Chef Brendan McGill was inspired to open his restaurant, Hitchcock, after digging clams and cooking them over an open fire with his future wife’s family. (John Lok/The Seattle Times)

“Digging clams from the beach and cooking them in the old steel pot over the fire was a seminal moment for me,” says McGill, an Alaska native. “It instilled the love for Bainbridge Island and inspired me to return and open my own restaurant.”

After the cookouts on Bainbridge, McGill went on to cook hundreds of pounds of clams a week at Il Bistro in Pike Place Market and then worked as a chef at The Harvest Vine. In 2010, he opened the award-winning Hitchcock on Bainbridge Island, named after family homesteaders on the island. He and Heidi moved to the island in 2012.

Today, steaming clams is a tradition he and Heidi continue with their two sons, often on the Fourth of July. To McGill’s knowledge, the family recipe had never been written down, so he created his own version of the generations-old method. The clams cook in minutes. Making a potful is actually quite easy, and it’s a great way to feed a crowd.

“We eat them right out of the pot and all dive in,” he says. “I’m a big fan of using the shells to scoop the broth from the pot and suck the clams out of the shells. And you have to dunk the grilled bread in the buttery broth. It’s absolutely critical.”

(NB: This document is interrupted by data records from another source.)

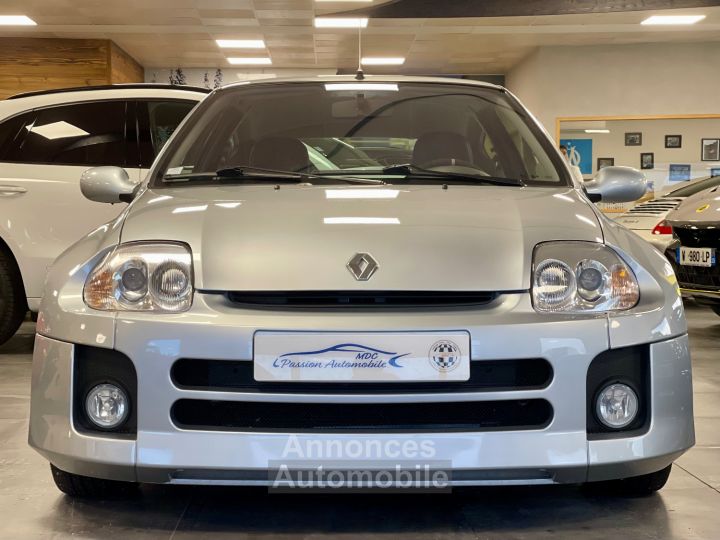 Renault Clio RENAULT CLIO II V6 24S 230 RS 3P - 3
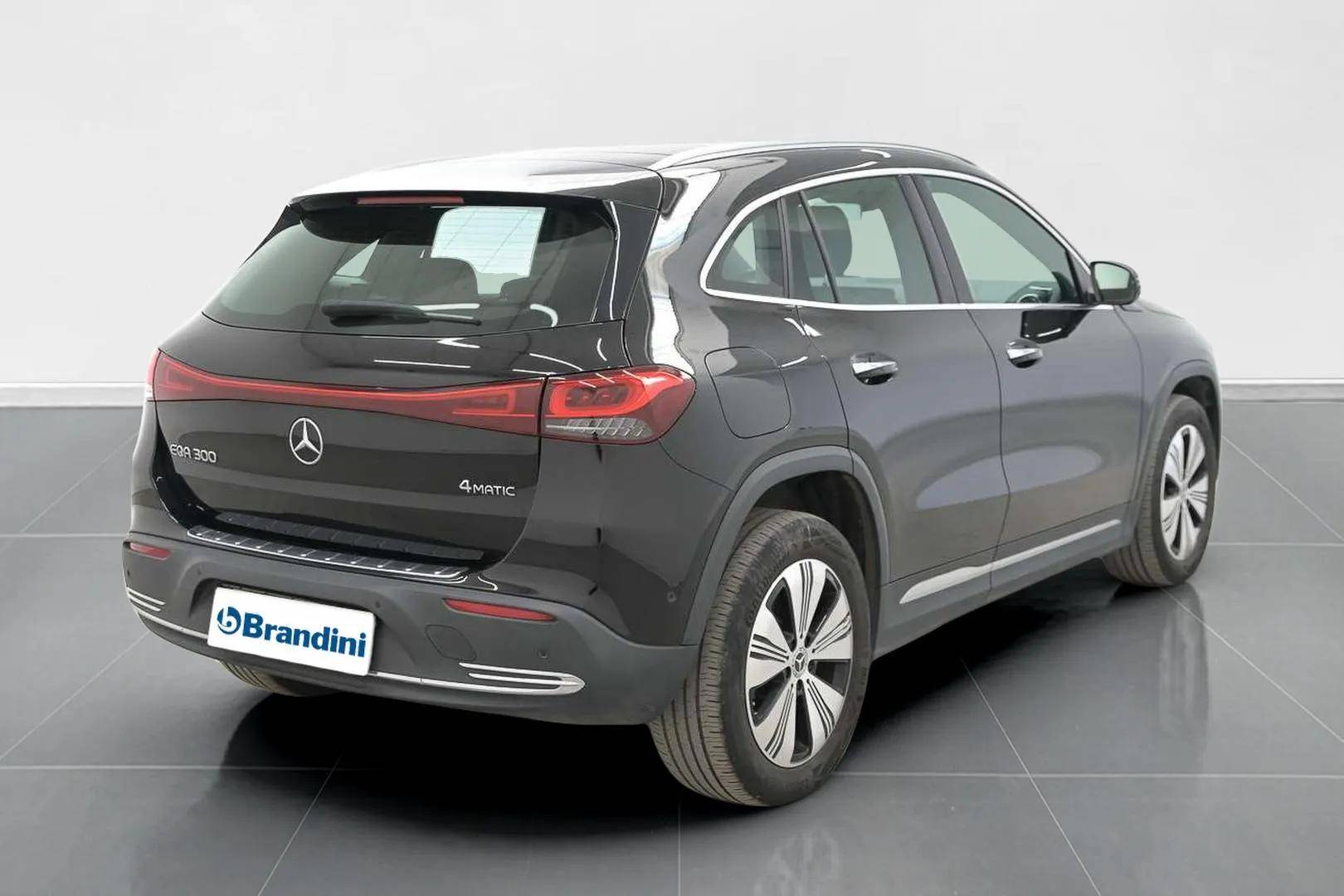 MERCEDES EQA - Foto 4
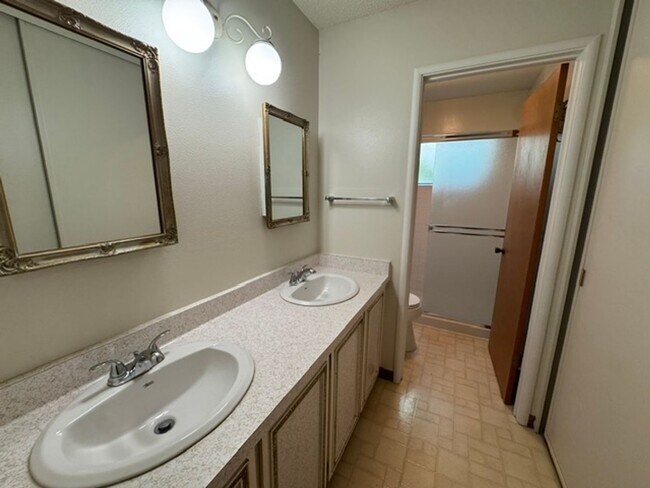 Building Photo - Single level home in Woodlands neighborhood-Walnut Creek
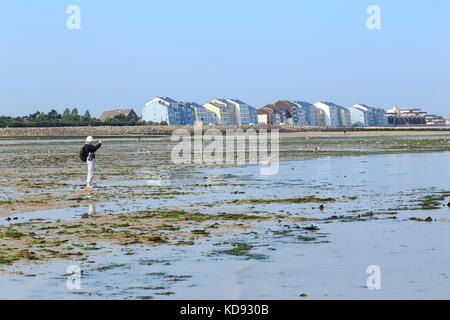 France, Calvados (14), Courseulles-sur-Mer, le bord de mer // France, Calvados, Courseulles sur Mer, la station balnéaire Banque D'Images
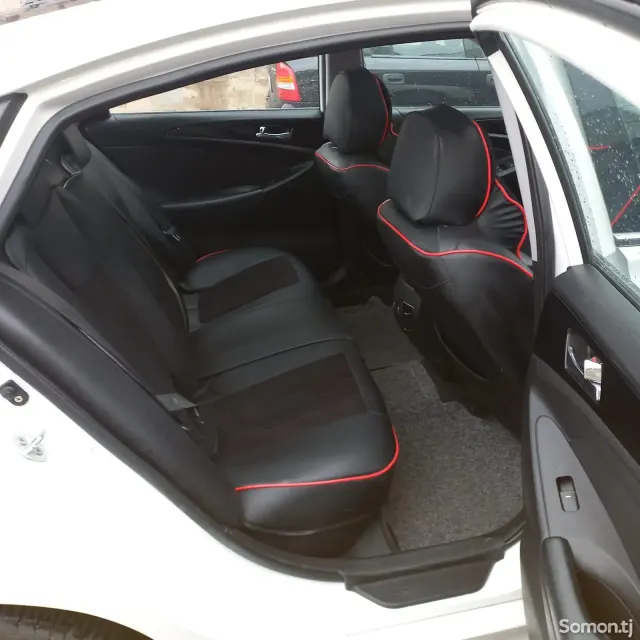 Hyundai Sonata 2010 · 2.0 AT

Even if you don’t have access to a beach on the Fourth, and even if it rains, you can still make McGill’s recipe in your kitchen. The clams, steamed in wine, butter and leeks, are perfect paired with bread and traditional favorites like potato salad and corn on the cob. With some striped cloth napkins and American flag decorations, you just might feel like you’re at a clambake on the beach, after all.

Steamer Clams

Serves 8-10

 

6 pounds manila or butter clams, rinsed well

1 leek, white part only, julienned or thinly sliced

6 good-sized garlic cloves, sliced in half, any hard stem removed, then sliced very thin

1 fresh bay leaf

1 lemon, quartered

1 750-ml bottle dry white wine (unoaked chardonnay preferably)

1 heaping tablespoon kosher Diamond salt

1 pound cultured butter, room temperature, cubed and separated

Sourdough baguette

A fistful of Italian flat-leaf parsley leaves

1. Arrange clams, leeks, garlic, bay leaf and lemon in a steamer pot. Add the wine, salt and ¾ of the butter.

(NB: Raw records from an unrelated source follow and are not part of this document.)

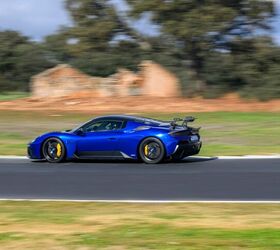 gaze upon the maserati gt2 stradale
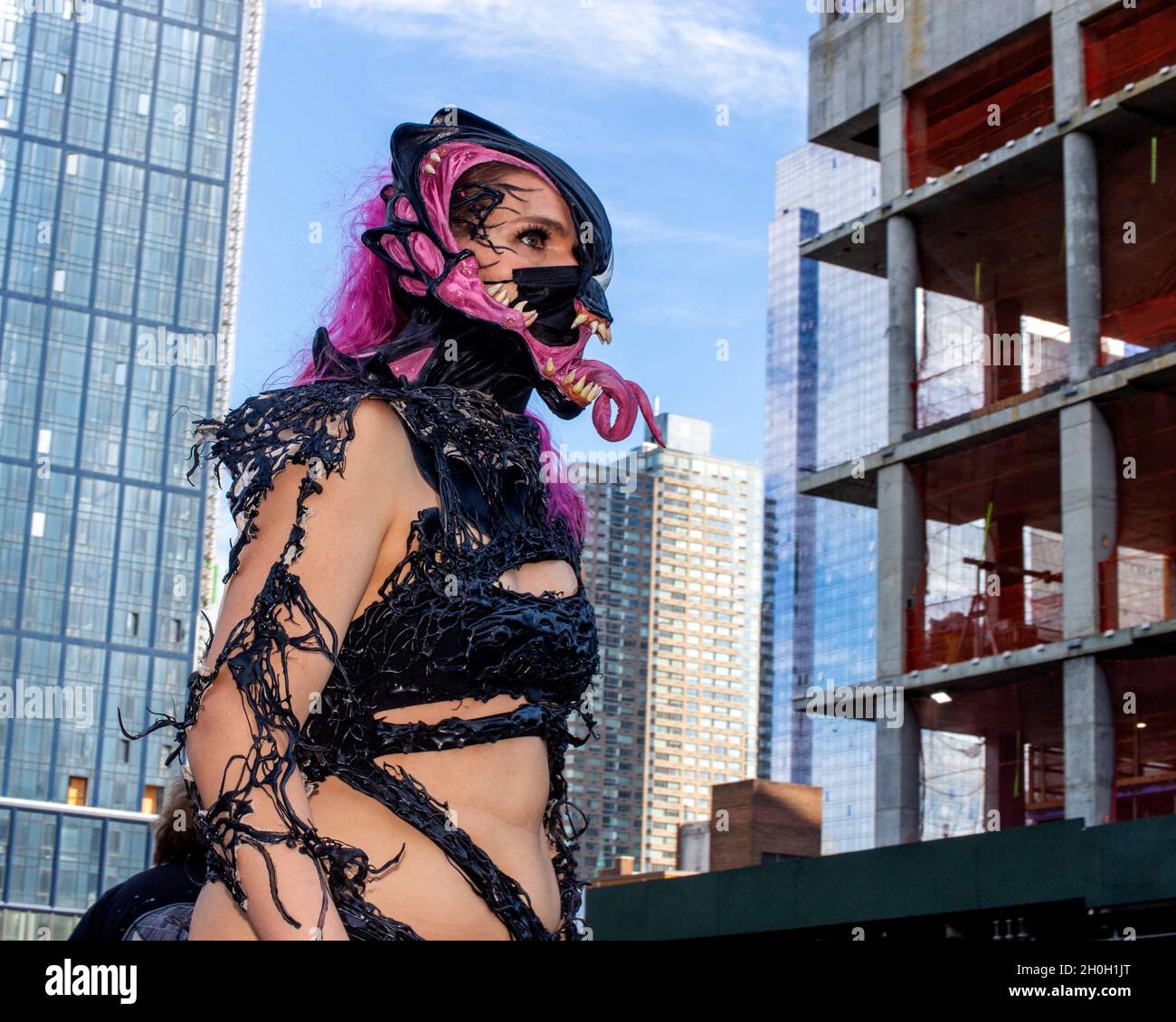 New York, NY, USA. Okt. 2021. Popkultur Kostüme, Comic, Anime, Cosplay, Science Fiction, Jährliche Zusammenkunft von Fernseh- und Filmfiguren, trotz der Pandemie, 8. Oktober 2021. (Bild: © John Marshall Mantel/ZUMA Press Wire) Stockfoto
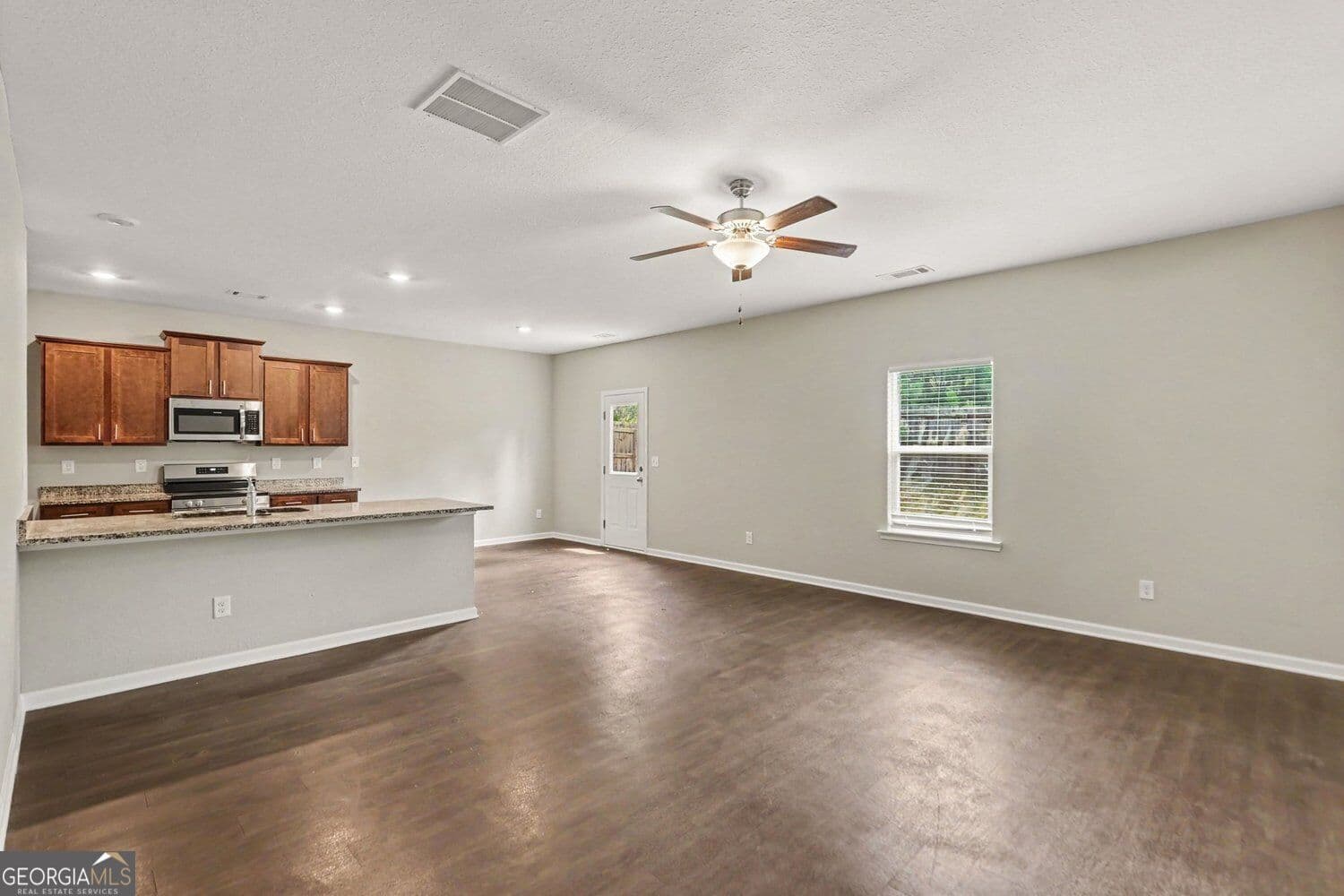 3 bedroom, 2.5 bathroom, 1,924 sq ft single family residence for sale at 4944 Bridle Run Trail, Douglasville, GA 30135 — photo 8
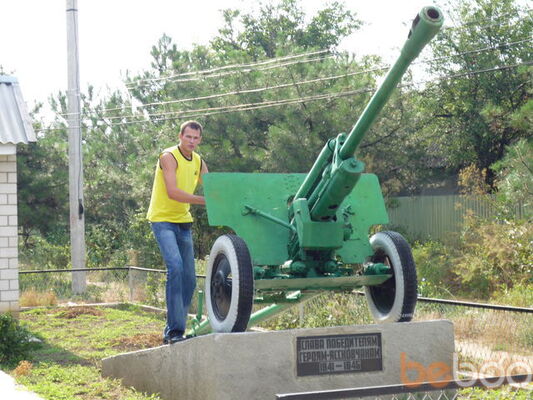  ,   Viktor, 43 ,  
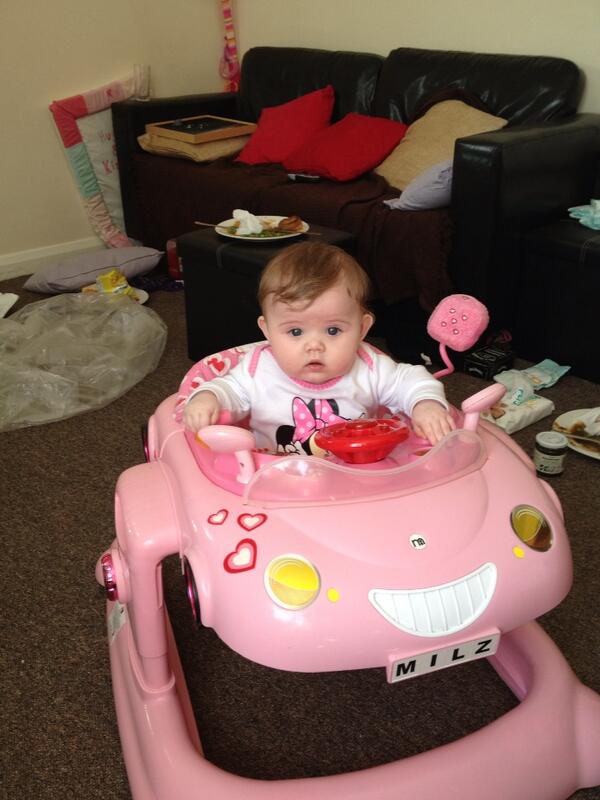 lisbeeX's tweet photo. Ma princess in her car xx http://t.co/Z0XIRsDxKg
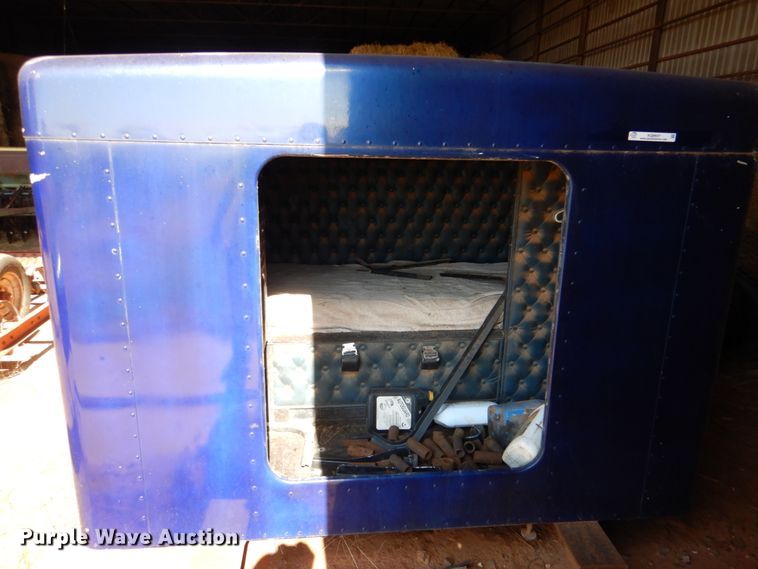 image for item KQ9657 Kenworth  truck cab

2. With the lid on, place the pan over intense heat (stovetop or fire pit) until the wine is roiling hard and steam is escaping from the lid. Every couple of minutes, lift the lid and check on the clams. Stir gently with tongs to redistribute the clams. Cook just until they open.

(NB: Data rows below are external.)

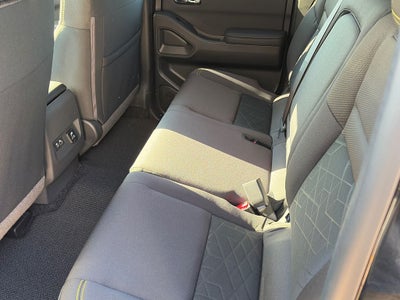 2027 Nissan Frontier SV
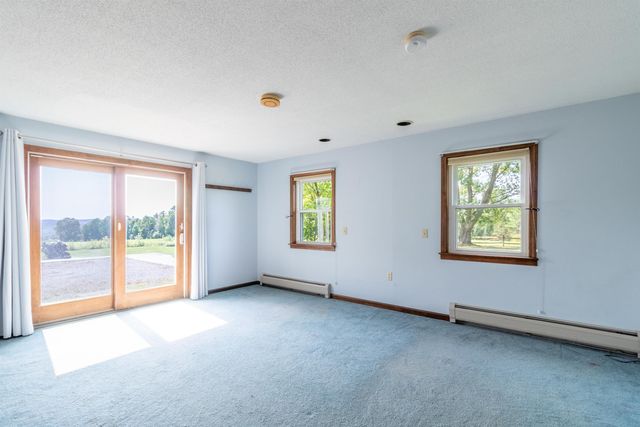 586 Old Coach Road, Lyndon, VT 05851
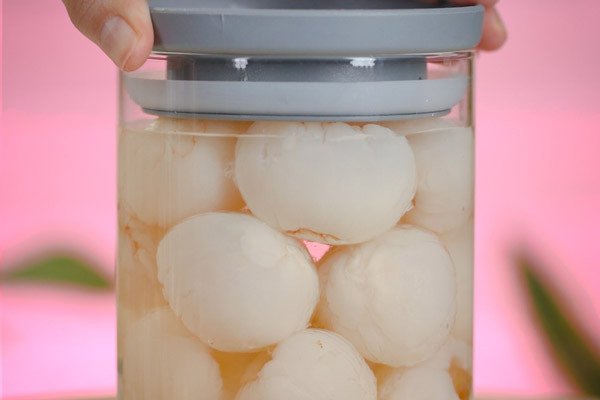 Bí quyết làm vải ngâm đường phèn trắng giòn, thơm ngon chuẩn vị Thành phẩm vải ngâm đường phèn trắng trong, giòn ngọt hấp dẫn
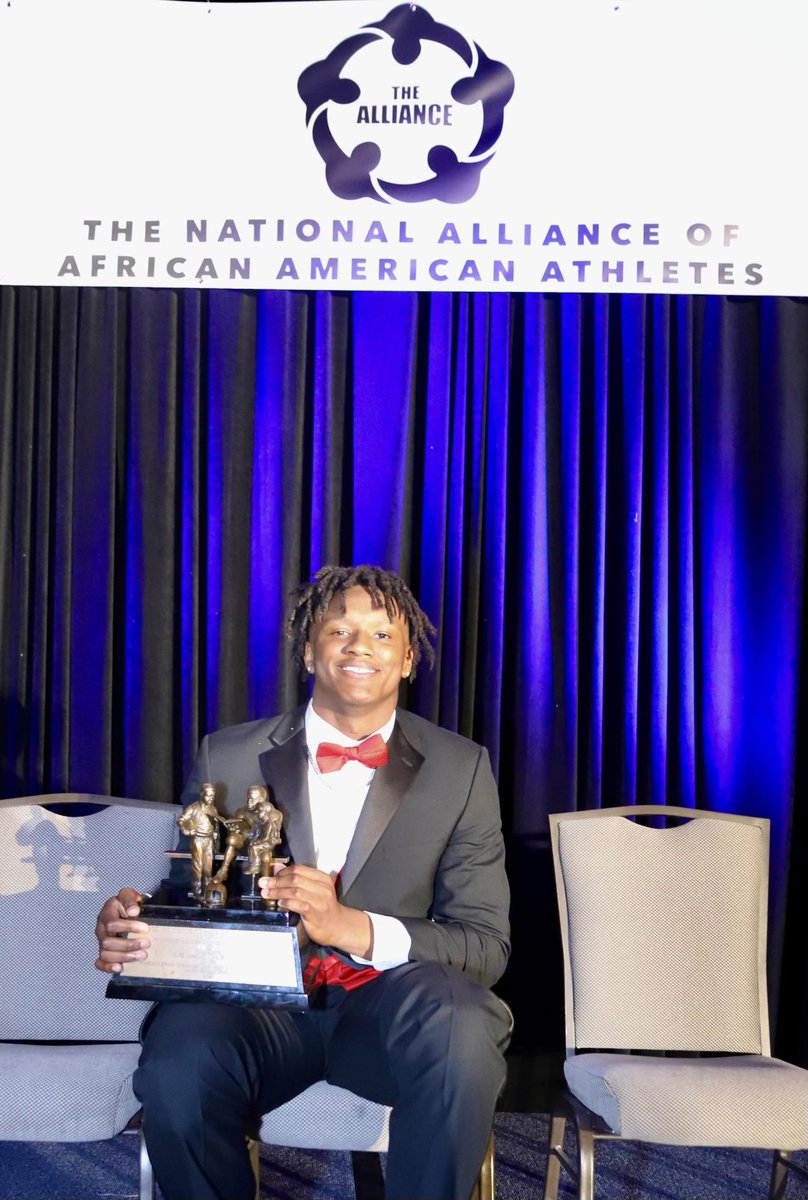 Proud and Honored to be Named  The Standard Bearer Of The Prestigious Franklin D. Watkins Award. This Award is Presented Annually To The Nation’s Top Elite Student Athletes. @watkinsalliance @NakobeDean @therealknelson @josh_dobbs1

3. While the shellfish are steaming, cut the baguettes lengthwise and spread on the remaining butter. Grill the bread on both sides over hot coals, or broil in your oven. Slice the bread into 2-inch chunks.

4. Remove the steamer lid and garnish with a chiffonade of parsley. Serve clams out of the pot or distribute into individual bowls. Dunk the grilled bread in the broth.